The Millennial Star

Did Mom say it was ok?

My four year-old daughter Julia is quite adept at manipulating her parents. Unfortunately for her, she hasn’t yet learned how to keep her methods secret.

At one recent dinnertime, I made the mistake of giving Julia something she was pitching a fit over (another roll, perhaps?) without making her stop her little tantrum and ask for it politely. I wasn’t trying to simply shut her up, since I would have given it to her if she had asked in a pleasant manner, but I should have taken the time to correct her behavior before complying with her request. As it was, she learned the wrong lesson: a few minutes later, she turned to my wife Kristen and said, “Mommy, guess what? I screamed and cried and then Daddy gave me another roll.”

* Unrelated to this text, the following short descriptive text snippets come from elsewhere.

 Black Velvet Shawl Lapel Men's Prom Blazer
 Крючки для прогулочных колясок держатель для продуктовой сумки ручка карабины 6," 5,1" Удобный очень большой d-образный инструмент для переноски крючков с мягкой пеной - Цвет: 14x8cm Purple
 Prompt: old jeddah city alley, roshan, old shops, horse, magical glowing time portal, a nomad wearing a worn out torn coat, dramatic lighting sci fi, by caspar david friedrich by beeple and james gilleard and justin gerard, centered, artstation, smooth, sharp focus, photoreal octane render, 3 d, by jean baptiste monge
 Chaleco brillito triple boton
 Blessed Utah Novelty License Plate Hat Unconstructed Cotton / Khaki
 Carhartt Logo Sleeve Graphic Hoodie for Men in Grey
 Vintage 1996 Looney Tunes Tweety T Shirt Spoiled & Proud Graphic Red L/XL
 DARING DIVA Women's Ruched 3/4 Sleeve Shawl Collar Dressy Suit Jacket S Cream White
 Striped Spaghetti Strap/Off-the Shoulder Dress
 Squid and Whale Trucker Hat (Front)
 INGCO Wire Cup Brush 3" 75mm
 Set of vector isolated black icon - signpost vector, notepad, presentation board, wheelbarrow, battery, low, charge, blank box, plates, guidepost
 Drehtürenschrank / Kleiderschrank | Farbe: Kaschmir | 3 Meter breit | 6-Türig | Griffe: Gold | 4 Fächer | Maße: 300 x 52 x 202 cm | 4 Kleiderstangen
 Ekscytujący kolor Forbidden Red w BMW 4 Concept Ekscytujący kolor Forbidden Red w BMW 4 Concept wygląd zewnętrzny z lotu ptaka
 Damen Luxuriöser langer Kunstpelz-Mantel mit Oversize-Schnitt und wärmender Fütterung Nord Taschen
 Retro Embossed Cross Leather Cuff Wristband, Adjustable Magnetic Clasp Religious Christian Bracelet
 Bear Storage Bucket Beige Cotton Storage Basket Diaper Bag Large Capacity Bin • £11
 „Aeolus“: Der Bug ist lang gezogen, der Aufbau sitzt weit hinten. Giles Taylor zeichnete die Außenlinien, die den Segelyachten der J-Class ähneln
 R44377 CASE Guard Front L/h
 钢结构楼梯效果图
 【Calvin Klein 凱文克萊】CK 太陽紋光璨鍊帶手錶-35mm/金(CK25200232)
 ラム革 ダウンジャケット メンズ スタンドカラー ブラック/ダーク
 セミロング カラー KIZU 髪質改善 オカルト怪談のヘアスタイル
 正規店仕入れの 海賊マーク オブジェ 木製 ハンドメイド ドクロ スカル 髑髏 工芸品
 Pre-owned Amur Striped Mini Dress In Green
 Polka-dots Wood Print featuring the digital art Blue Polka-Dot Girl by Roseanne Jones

Another trick that my daughters have learned is to ask the other parent when one parent doesn’t give permission to do something. Kristen and I try to present a united front to the kids, but sometimes it just doesn’t work, usually because I am unaware of what has transpired at home during the day. For example, Jaymie, my seven year-old daughter, might come up to me and ask for a piece of paper to draw on. This is a common request, and I usually give her one without thinking. However, it happens often enough that Kristen has told the girls not to draw until after dinner, or until after some task has been completed, but I am unaware of the restriction, so I unwittingly undermine my wife’s authority.

Since Kristen and I don’t communicate telepathically, these breakdowns occasionally occur, and when they do, our kids learn that instead of obeying their parents, they can sometimes get away with asking the other parent, and thus receive parental sanction for what would otherwise be a forbidden activity. This is not a lesson we want our kids to learn, and we work hard to avoid situations where they might receive mixed messages from us. Still, Kristen ends up playing the bad cop to my good cop sometimes, and I know my girls have noticed this.

As I reflected on the difficulties of acting in unison with my wife despite our best intentions, my thoughts turned to my relationship with my Heavenly Parents. I don’t generally worry myself with questions about my Heavenly Mother, but it occured to me that if I were to have petitionary access to Her via prayer, I might unintentionally learn the wrong lessons about prayer and my relationship with Deity, much like my own children sometimes do in their relationships with me and Kristen.

The problem would be a bit different, of course. Our problem as parents is that we do not know perfectly what our spouses are thinking and intending, so we sometimes err as parents. Our problem as children is that we do not always interpret signals from our Heavenly Parents correctly. Presumably, our Heavenly Parents are united in purpose and will. However, our own apprehension of that will is imperfect.

Suppose I prayed regularly to both my Heavenly Father and Heavenly Mother. I might address one more often than the other, say Heavenly Father. Perhaps some of my most heartfelt petitions would go seemingly unanswered for a time as They waited for me to work some solutions out for myself. In frustration or desperation I might turn to my Mother for additional assistance. Suppose I were to get what I felt to be an answer only after doing so, even though receiving that answer is in reality more or less independent of who I pray to. I might mistakenly conclude that my Heavenly Mother understands me better and is more loving and more willing to grant blessings, even though this is not the case at all. My feelings for Her might take on a different character from my feelings for my Heavenly Father. In an extreme case, I might reject Him altogether as an uncaring, unfeeling God. Others might have similar experiences. Who knows, we might even form our own church.

This may be a commonplace observation, and it certainly does not account for all, or even most of the reasons that we know so little of our Heavenly Mother (I don’t claim to know any of the reasons, mind you). It’s an interesting little thought experiment, nonetheless.